My mother, Helen Stapp, died unexpectedly nearly twenty-four years ago, and yet I miss her hugs, smiles, and cryptic words of advice daily. We didn't always agree on life's journey or how to best pursue the future.  In our family Mom and Dad had their hands full with two hundred and fifty Miami Country Club members, and two little girls; one adventurous and daring, the other a quiet observer.  My little sister, Jonya, most closely stayed within their boundaries of comfort.  She was a beauty queen and State Amateur Golf Champion.  We both played on the men's golf team at NEO, and made our parents proud when we completed our college degrees (mine just took 10 years to finish.)

USGA Jr. Am. 1965
My childhood days of golf were intense and emotional.  Winning was not something I experienced.  I often missed qualifying for championship flight because of raw nerves, and lack of focus.  Every summer I asked for tennis lessons, swim lessons, diving lessons, anything new on the horizon.  Dad's words were simple, "Tizzy, you need to focus on one sport at a time.  Developing muscles for swimming or tennis might jeopardize your golf swing."  So, I played golf and practiced hours upon hours.  The solitude of practicing became my escape from pressures.

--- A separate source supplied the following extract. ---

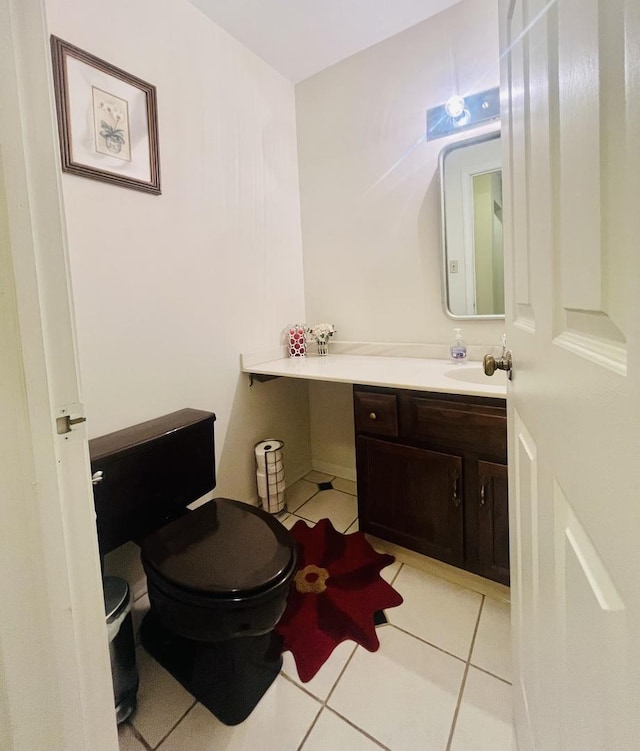 bathroom featuring toilet, tile patterned floors, and vanity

It was the trips to the Jr. State Amateur I loved the most.  Teeing off #1 at Southern Hills and hitting a straight and true shot down the middle is a memory I will carry for a lifetime.  Shaking the hand of a match play opponent at age 14 will also stick with my gut;  "Good luck," I said sincerely as Rita and I shook hands on the first tee.  "Thanks, you'll need it.!" She won the match on hole 14.  Maybe, Dad knew me better when he nicknamed me Tizzy or tried to explain that my golf game seemed lackadaisical.  Maybe, I overheard so many ugly comments by women in tournaments that I thought no one liked a champion?

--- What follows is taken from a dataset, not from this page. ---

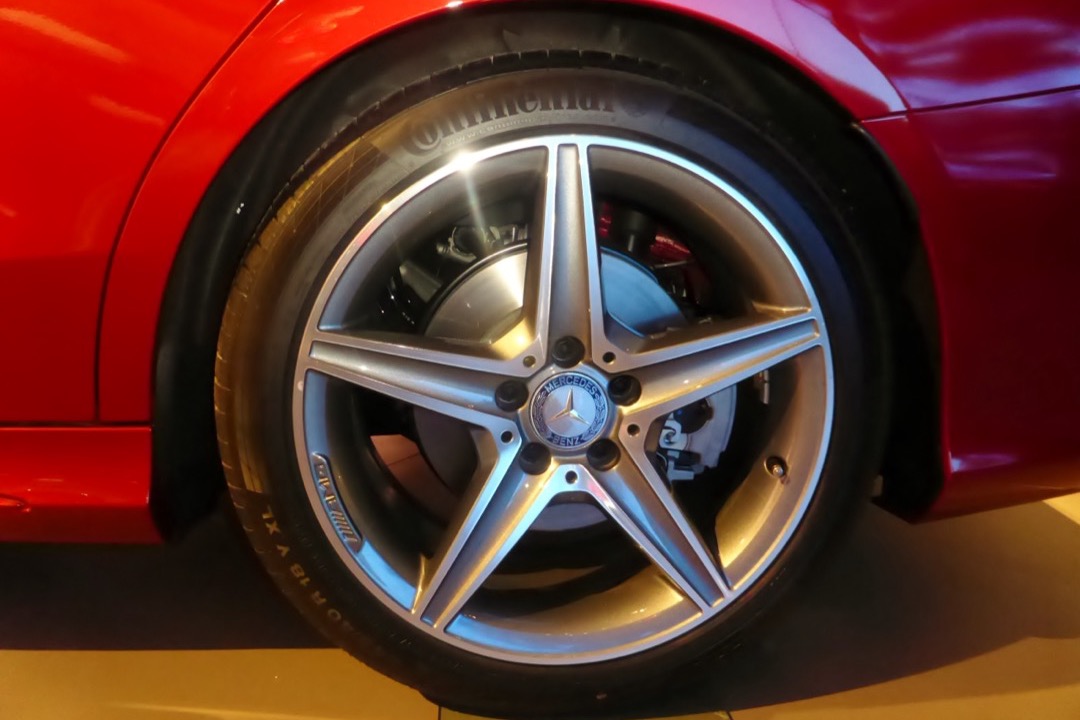 Alloy wheel being cleaned with foaming wheel cleaner spray and a detailing brush in an automotive shop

It was on mother's shoulders that I cried and sobbed with defeat.  Year after year I lost, and yet she held firm in her belief that I could win.  Dad was the teacher, but mom was the counselor, the healer, and the one who uplifted me and told me over and over that I could win. I finally won a Club Championship once before she died, but I was nearly 40 years old.  My family and friends were proud.

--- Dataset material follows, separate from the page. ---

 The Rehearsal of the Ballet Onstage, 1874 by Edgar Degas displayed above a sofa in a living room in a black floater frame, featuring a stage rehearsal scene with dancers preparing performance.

Only recently did I realize how much a mother's love and faith in her children can make a difference for a lifetime of learning and growing.  Over the 50 years since my teenage golfing debut, I've learned that it was confidence that I was lacking, not skill.  But it's not enough to have other people believe in you when you don't believe in yourself.  "Oh, well," is such an easy reply to a disappointment in life, whether it is in a career or sport.

A few weeks ago as I walked to my golf cart, before I teed off at Prairie Dunes for the Hutchinson Women's City Championship, my heart was pounding and my stomach lurched.  It was a match play event, one on one.  Now I needed to win one more match for the championship.  I began to question myself.  Did I care enough to focus?  Did I really just want to win, but not fight through my nerves to win?  Will people still like me IF I win?

Helen Stapp probably giving advice.
Like a cloud passing over I heard a whisper, "Letty, I believe in you and always have. Now go out there and prove to yourself that you can play great golf."

My knees buckled and I looked around with tears in my eyes.  "Mom?" my head whispered.   "I'm watching," she replied, and I heard the pursing of her lips.  When her whispering cloud passed over, my shoulders suddenly lightened and memories were filtered.  I knew that somehow I could win that day, and maybe win again while I'm still young enough to compete.  On my golf ball, that day, I wrote these words, "Almost Heaven."

I only hope and pray that I've been that kind of mother for my daughter, one who believes in her child without a doubt--As only a mother can.